There are several limitations in this study, including the retrospective design and small sample size. We were also unable to collect more information on the 14 children born.
All clinical treatment methods are open to criticism and are based on a full assessment of the risks involved. Mitochondrial transfer should be considered with the main objective of eliminating the risks associated with mitochondrial diseases. Diseases due to mitochondrial mutations are mostly seen in elderly patients. Mitochondrial transfer has shown good results in problematic embryo development in diagnosed patients who want to have a healthy child at an advanced age, suggesting that this technique can be used in elderly patients. The healthier children born through this method can lead to healthier families and a healthier social structure. In the case of older patients, the ethical imperative is to provide an alternative to oocyte donation, based on the fact that each individual has the right to carry his or her own genetic material or DNA structure. The postponement of the desire to become a mother for sociological reasons has led to various reproductive problems in patients of advanced maternal age, and oocyte donation has become the only alternative for these patients due to decreased ovarian reserve and decreased oocyte quality. This has led to a significant increase in oocyte donation around the world, with the particular risk that the genetic makeup may not be preserved, and future generations may not carry the same genetic makeup as the family. The alternative to that would be mitochondrial transfer, which offers the possibility and hope that patients can pass on their DNA structure to future generations.
Conclusion
The results of this study show that pronuclear transfer can result in a high blastocyst formation rate (49.2%), euploidy rate (69.5%) and live birth rate (48.3%). This was true among patients across all age groups, particularly in older patients who often show diminished IVF success rates.

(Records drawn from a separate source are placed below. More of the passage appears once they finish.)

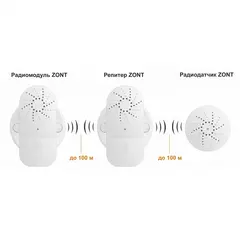 Репитер ZONT МЛ-620, 868 МГц
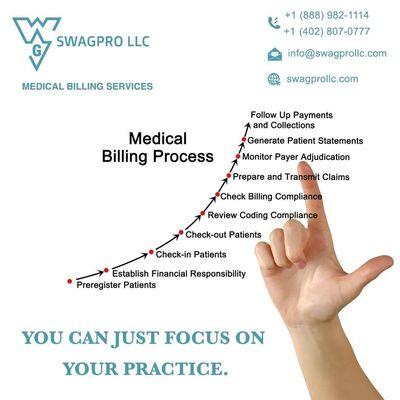 Right from patient registration to payment followups, we handle everything for you to focus on your practice.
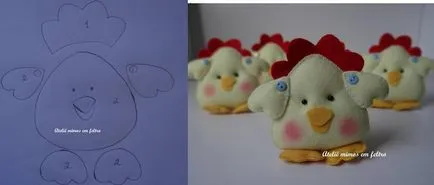 Към усещат модели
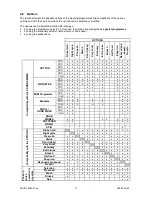 Preview for 11 page of Electrolux EWM1000 Service Manual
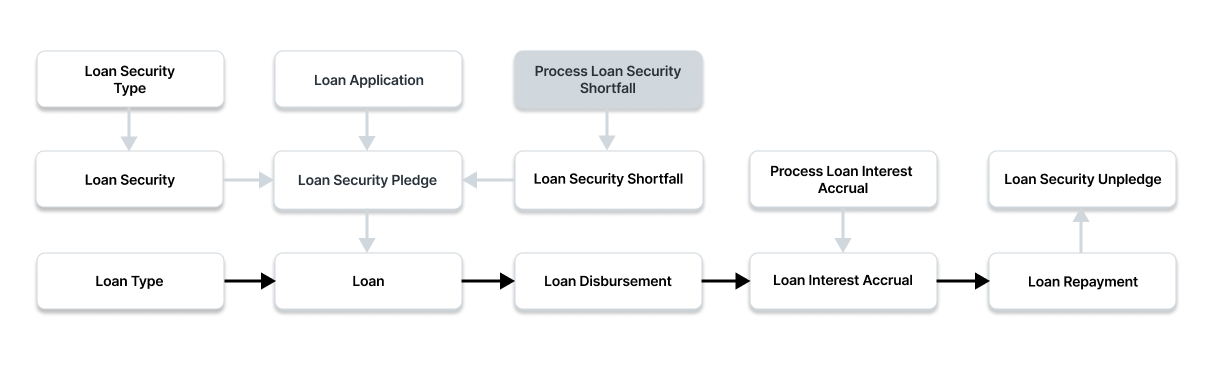 process loan security shortfall flow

The main disadvantage of pronuclear transfer is that, ethically, the zygotes of elderly patients undergoing nuclear transfer are to be destroyed. Another disadvantage of pronuclear transfer is the higher risk of micromanipulation compared to spindle transfer. Due to the size of the nucleus, the use of a biopsy pipette with a larger diameter ratio may pose a risk. But with a well-optimized protocol, this risk could be eliminated. The main advantage of pronuclear transfer over spindle transfer is that the nuclei are more visible with thermo-microscopy than spindles. The most serious risk of spindle transfer is that the quality of spindle imaging may be poor and that an ICSI procedure, which is an additional micromanipulation procedure, has to be performed after the spindle transfer. This procedure is also more financially costly compared to the pronuclear procedure. In this sense, a more appropriate legal structure needs to be established in nations, and this technique needs to be further developed through further studies. It would be highly beneficial if legal platforms and ethics committees could ensure that this technique can be used clinically as an appropriate method. The fact that the technique poses no risk of micromanipulation, that the resulting children do not carry any risk of mitochondrial mutations, and that the high blastocyst rate indicates that the technique may provide a significant social advantage in the future.